═════ PROVIDED DATA

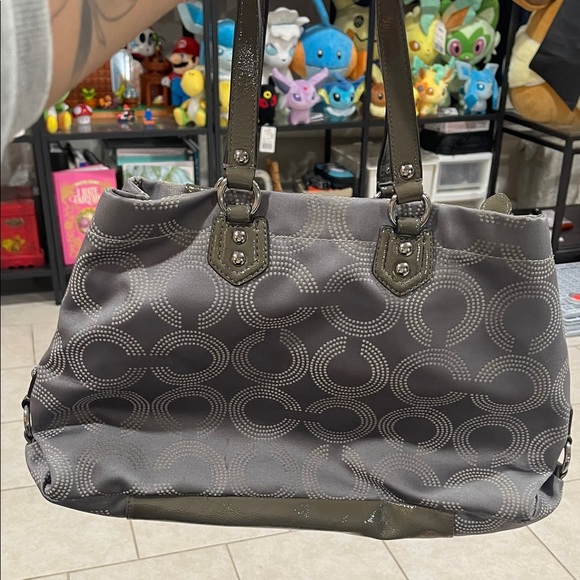 Coach Gray and Black Patterned Tote Bag - Picture 3 of 6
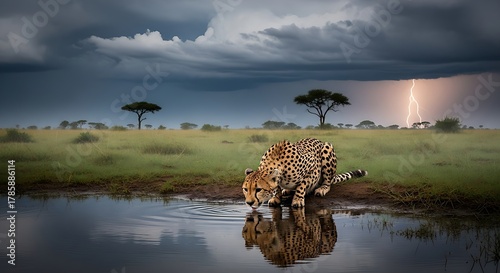 A cheetah at a waterhole during the rainy season, with storm clouds gathering dramatically in the background, international cheetah day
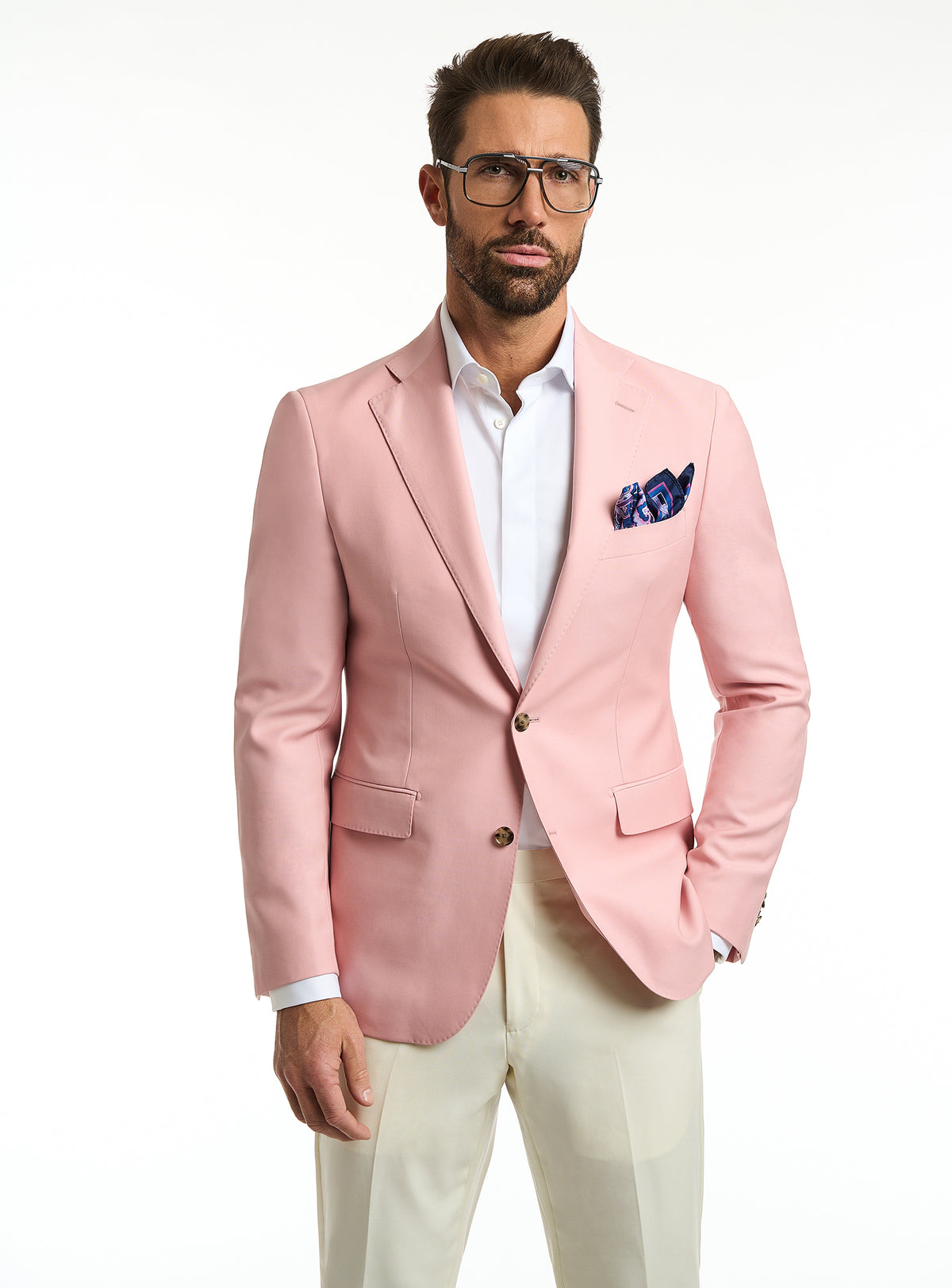 Sacou Florence Sartoriale Consiglieri roz, cu batistă bleumarin și pantaloni crem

══════════

- [TASK OBJECTIVE]
Return the complete material above exactly, with no picture.

- [ANSWER SECTION]
 Coach Gray and Black Patterned Tote Bag - Picture 3 of 6
 A cheetah at a waterhole during the rainy season, with storm clouds gathering dramatically in the background, international cheetah day
 Sacou Florence Sartoriale Consiglieri roz, cu batistă bleumarin și pantaloni crem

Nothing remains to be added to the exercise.